Prove that the irreducible polynomial for $\sqrt2+\sqrt3$ over $\mathbb{Q}$ is reducible modulo $p$ for every prime $p$

Question

I am attempting to solve part (d) of the following problem from Artin's algebra book. I have already solved parts (a) through (c).

(a) Let $p$ be an odd prime. Prove that exactly half of the elements of $\mathbb{F}_p^\times$ are squares and that if $α$ and $β$ are nonsquares, then $αβ$ is a square.

(b) Prove the same assertion for any finite field of odd order.

(c) Prove that in a finite field of even order, every element is a square.

(d) Prove that the irreducible polynomial for $γ=\sqrt2+\sqrt3$ over $\mathbb{Q}$ is redubile modulo $p$ for every prime $p$.

Now, I have shown that $g(x)=x^4-10x^2+1\in \mathbb{Q}[x]$ is the irreducible polynomial for $γ$. Let $p$ be a prime. Let $f(x)=x^4-10x^2+1 \in \mathbb{F}_p[x]$.

I want to show $f$ is reducible. I see that either 2, 4, or 6 is equal to $s^2$ for some $s\in\mathbb{F}_p$. I think it will be useful to proceed by cases here. It someone could show me a complete, elementary, simple proof for the $s^2=2$ case, I should be able to finish the rest on my own.

Answer 1

I think you tried to say that $2, 3$ or $6$ are squares in $\mathbb F_p$ for all $p$, this follows either using Legendre's symbol or using the fact that there is only one field of size $p^2$.

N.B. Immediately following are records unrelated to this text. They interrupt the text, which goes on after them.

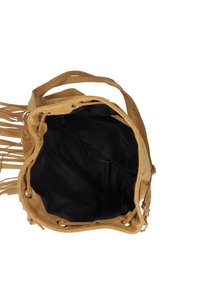 Borsa in suede marrone chiaro con dettagli in frange, dotata di fodera in tessuto nera e chiusura a coulisse. L'interno offre spazio per gli oggetti.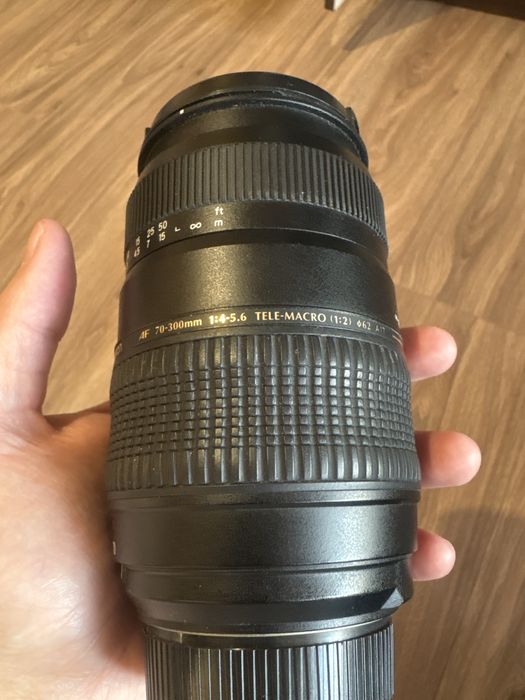 Vând obiective Nikon - Nikkor 50mm - Tamrom 70-300mm tele-macro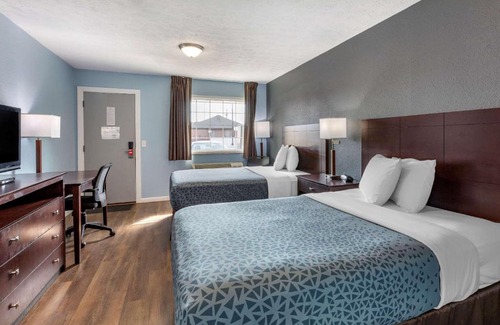 Sandusky South Hotel | Econo Lodge Inn & Suites Sandusky South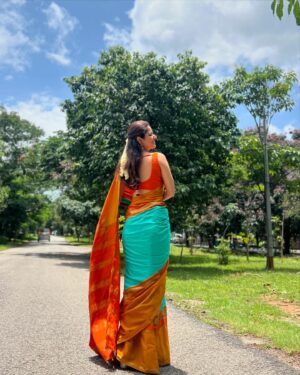 Ashika Ranganath Instagram - Wedding vibe check :) 
Don’t forget to slide through to see me show off my bangles & mallige hoo/ malli poo🤍
Styling, make up, hair, draping by yours 💁🏻‍♀️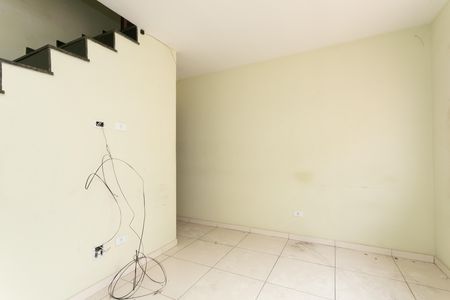 Sala de casa de condomínio para alugar com 2 quartos, 65m² em Itaquera, São Paulo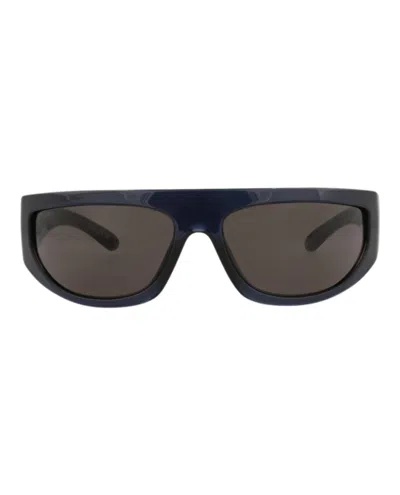 Gucci Shield-frame Injection Sunglasses In Black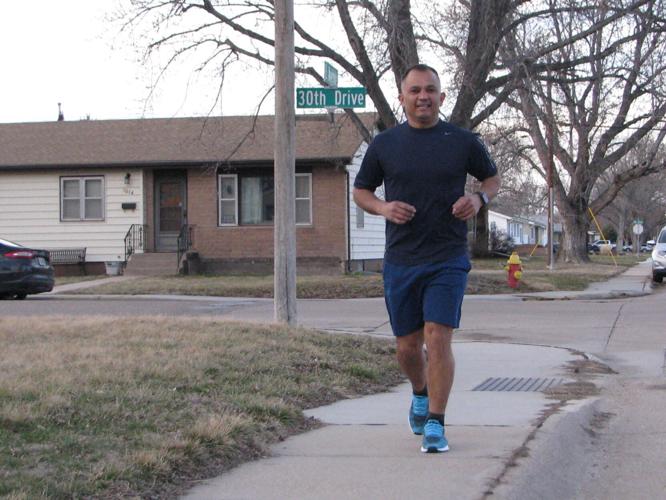 Carlos can run: Carlos running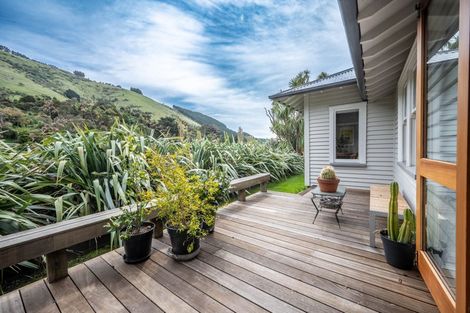 Photo of property in 1123 Okains Bay Road, Okains Bay, 7583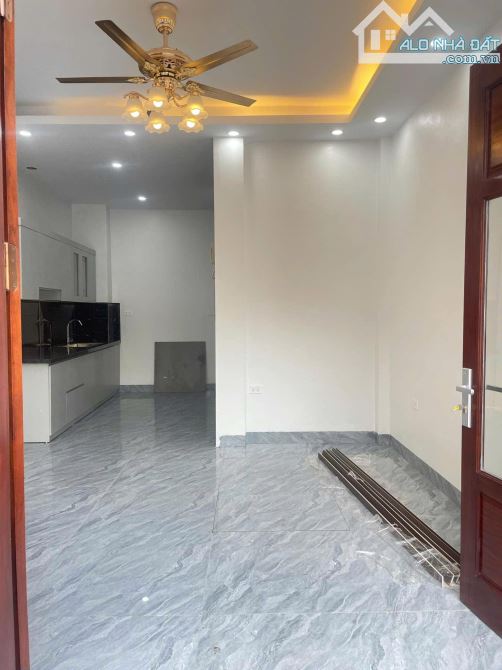 Hiếm ! Bán Nhà Phú Thượng - Tây Hồ -ADV - Thang Máy - Ô Tô - 35M x 5 Tầng Giá Nhỉnh 6 Tỷ - 4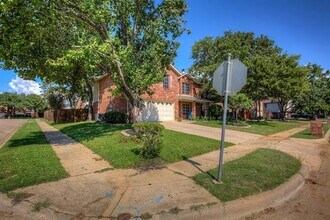 2006 Crystal Springs Dr in Corinth, TX - Building Photo - Building Photo
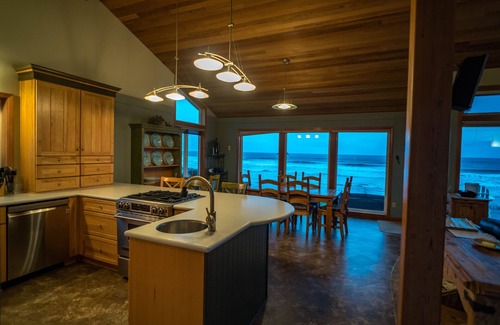 Arch Cape House | Oceanfront Retreat with Hot Tub & Breathtaking Views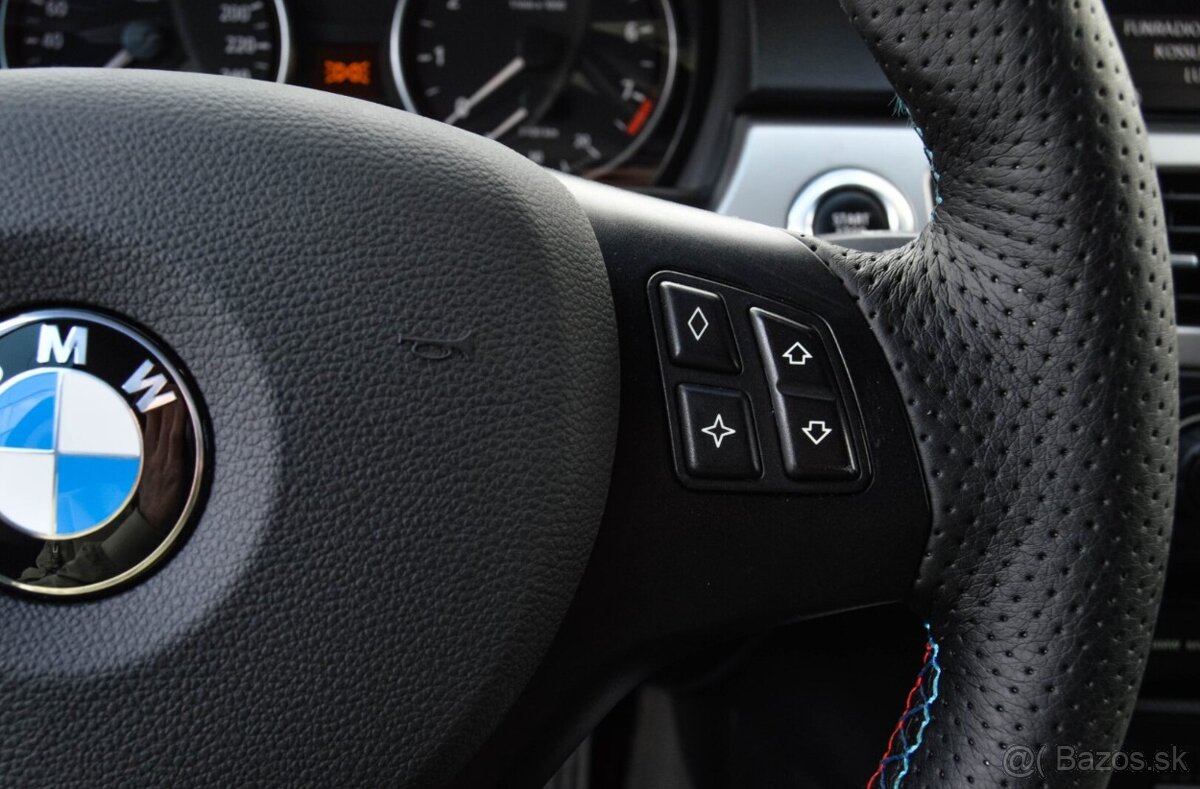 BMW E90 Rad 3 325i A/T - 9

Now if either $2$ or $3$ have a square root in $\mathbb F_p$ the polynomial is obviously reducible mod $p$. Otherwise $6$ has a root modulo $p$ and as $$(\sqrt 2+\sqrt 3)^2=5+2\sqrt 6$$

this implies that your polynomial is reducible mod $p$ in this case too.

Alternatively, as there is only one field of size $p^2$ all square roots of elements of $\mathbb F_p$ lie in $GF(p^2)$ and this implies automatically that your polynomial is reducible mod $p$ for all prime $p$.